Blog

Data Grouping by Month and Quarter

posted May 30, 2017, 4:47 PM by Matt Himrod   [ updated Sep 21, 2017, 10:52 AM ]

I'm not very good at this. I haven't posted since my "first post" last November. I suppose that's okay because it's my blog... and not yours.

One of the things that I often do in my job is creating reports. I often want to create reports with data broken down by both month and quarter. In the past, I've accomplished this by doing something like this:

SELECT DATE_FORMAT(date_field, '%Y-%m')                    AS yearmonth, 
       CONCAT(YEAR(date_field), '-Q', QUARTER(date_field)) AS yearquarter,
       COUNT(DISTINCT IF(thing_one   = criteria_one,   id, NULL)) AS statistic_one,
       COUNT(DISTINCT IF(thing_two   = criteria_two,   id, NULL)) AS statistic_two,
       COUNT(DISTINCT IF(thing_three = criteria_three, id, NULL)) AS statistic_three
FROM table
GROUP BY yearquarter DESC, yearmonth DESC WITH ROLLUP;

Since I'm not grouping by anything else, I can just assume that any value in yearmonth field is for a month, and when there is a NULL value, I should look at yearquarter. It works rather well and it's terribly difficult to follow in the query logic. However, what if I needed to add other layers of grouping? What if I had group_field_one and group_field_two that I needed to group on both monthly and quarterly? 

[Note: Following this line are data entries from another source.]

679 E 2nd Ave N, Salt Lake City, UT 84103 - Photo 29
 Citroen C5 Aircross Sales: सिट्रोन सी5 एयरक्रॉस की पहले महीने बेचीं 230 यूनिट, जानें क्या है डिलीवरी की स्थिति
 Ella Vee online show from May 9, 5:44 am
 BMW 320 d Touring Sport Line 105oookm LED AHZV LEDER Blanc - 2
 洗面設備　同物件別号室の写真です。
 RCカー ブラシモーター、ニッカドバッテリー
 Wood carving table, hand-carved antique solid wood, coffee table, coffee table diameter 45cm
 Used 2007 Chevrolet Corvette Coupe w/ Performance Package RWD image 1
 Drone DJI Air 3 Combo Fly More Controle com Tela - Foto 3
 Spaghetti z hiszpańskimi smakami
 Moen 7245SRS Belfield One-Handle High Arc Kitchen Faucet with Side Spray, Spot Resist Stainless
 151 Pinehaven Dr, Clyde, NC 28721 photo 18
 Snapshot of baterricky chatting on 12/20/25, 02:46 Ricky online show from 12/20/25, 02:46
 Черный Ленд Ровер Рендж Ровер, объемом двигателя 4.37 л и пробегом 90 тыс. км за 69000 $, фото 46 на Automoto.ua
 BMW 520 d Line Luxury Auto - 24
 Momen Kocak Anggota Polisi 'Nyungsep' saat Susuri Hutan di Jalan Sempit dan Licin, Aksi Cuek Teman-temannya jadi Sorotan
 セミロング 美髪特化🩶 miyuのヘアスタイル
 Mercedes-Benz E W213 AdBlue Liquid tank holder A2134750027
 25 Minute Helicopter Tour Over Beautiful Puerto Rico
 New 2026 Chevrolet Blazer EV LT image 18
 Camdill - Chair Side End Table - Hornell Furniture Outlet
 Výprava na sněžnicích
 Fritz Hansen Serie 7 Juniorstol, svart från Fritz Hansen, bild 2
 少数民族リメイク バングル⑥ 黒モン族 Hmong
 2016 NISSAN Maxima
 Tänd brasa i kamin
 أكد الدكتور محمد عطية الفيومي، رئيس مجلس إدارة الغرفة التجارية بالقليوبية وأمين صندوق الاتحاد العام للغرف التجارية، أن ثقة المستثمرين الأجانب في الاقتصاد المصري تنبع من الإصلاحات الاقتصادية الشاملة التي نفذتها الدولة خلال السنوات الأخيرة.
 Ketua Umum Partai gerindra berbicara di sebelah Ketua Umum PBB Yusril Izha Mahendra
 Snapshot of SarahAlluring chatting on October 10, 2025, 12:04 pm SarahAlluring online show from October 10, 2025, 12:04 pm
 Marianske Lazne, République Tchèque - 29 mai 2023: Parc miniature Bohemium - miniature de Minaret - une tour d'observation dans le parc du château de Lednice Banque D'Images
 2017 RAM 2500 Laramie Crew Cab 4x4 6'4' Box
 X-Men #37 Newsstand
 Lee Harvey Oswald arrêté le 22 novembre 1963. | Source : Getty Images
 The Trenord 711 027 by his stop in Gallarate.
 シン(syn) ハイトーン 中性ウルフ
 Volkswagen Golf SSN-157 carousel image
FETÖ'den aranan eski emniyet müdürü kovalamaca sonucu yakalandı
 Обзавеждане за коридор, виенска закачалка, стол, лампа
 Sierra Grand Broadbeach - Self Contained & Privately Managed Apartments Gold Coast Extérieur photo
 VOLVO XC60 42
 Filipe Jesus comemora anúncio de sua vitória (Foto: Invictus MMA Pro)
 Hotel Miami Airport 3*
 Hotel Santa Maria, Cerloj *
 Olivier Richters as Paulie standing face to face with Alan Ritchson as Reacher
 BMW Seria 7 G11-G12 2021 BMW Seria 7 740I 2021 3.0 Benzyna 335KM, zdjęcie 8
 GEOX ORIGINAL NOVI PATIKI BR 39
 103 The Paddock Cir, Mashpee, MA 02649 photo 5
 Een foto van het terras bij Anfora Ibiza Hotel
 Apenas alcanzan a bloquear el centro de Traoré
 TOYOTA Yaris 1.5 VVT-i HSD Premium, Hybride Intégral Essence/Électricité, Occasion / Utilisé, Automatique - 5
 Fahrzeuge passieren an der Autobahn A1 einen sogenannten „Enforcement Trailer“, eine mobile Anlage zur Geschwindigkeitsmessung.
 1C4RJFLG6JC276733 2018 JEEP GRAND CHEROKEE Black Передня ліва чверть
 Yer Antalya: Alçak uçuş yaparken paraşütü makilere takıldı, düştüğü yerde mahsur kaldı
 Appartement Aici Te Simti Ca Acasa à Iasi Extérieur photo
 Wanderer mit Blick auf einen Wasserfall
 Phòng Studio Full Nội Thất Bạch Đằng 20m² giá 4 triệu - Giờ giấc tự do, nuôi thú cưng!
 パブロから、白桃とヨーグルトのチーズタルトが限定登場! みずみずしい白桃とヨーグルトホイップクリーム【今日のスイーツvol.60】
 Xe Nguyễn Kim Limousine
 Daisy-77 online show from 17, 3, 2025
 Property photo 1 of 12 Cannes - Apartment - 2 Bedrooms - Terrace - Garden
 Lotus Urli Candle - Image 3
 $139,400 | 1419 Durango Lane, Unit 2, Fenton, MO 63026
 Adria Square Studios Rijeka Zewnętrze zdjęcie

SELECT DATE_FORMAT(date_field, '%Y-%m')                    AS yearmonth, 
       CONCAT(YEAR(date_field), '-Q', QUARTER(date_field)) AS yearquarter,
       group_field_one,
       group_field_two,
       COUNT(DISTINCT IF(thing_one   = criteria_one,   id, NULL)) AS statistic_one,
       COUNT(DISTINCT IF(thing_two   = criteria_two,   id, NULL)) AS statistic_two,
       COUNT(DISTINCT IF(thing_three = criteria_three, id, NULL)) AS statistic_three
FROM table
GROUP BY yearquarter DESC, yearmonth DESC, group_field_one, group_field_two WITH ROLLUP;

It looks like it might work the same way, right? Well, no. Instead of giving the results of the grouped fields for both the months and quarters, there's just rollup numbers for the quarters. 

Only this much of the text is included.